_What is expected_
Restate word for word the lines of the material below, from the line with "Stan Prodaja Novi" to the line with "Erzherzog Carl-Denkmal und", both lines included, and no others.

_Given records_
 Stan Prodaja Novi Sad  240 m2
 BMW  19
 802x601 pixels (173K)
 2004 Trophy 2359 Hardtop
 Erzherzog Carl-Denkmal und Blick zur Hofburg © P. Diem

==

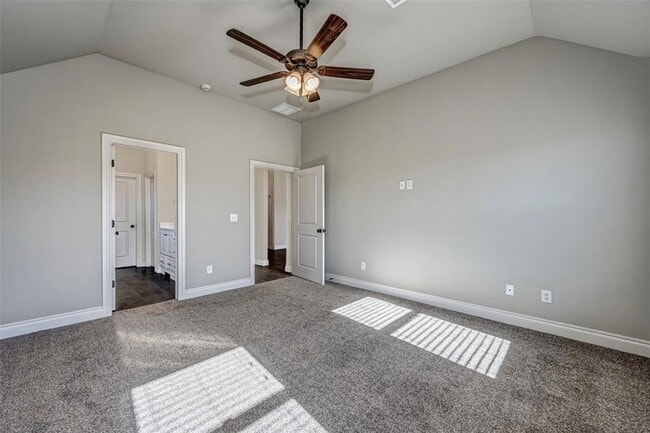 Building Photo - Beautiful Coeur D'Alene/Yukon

_Written answer_
 Stan Prodaja Novi Sad  240 m2
 BMW  19
 802x601 pixels (173K)
 2004 Trophy 2359 Hardtop
 Erzherzog Carl-Denkmal und Blick zur Hofburg © P. Diem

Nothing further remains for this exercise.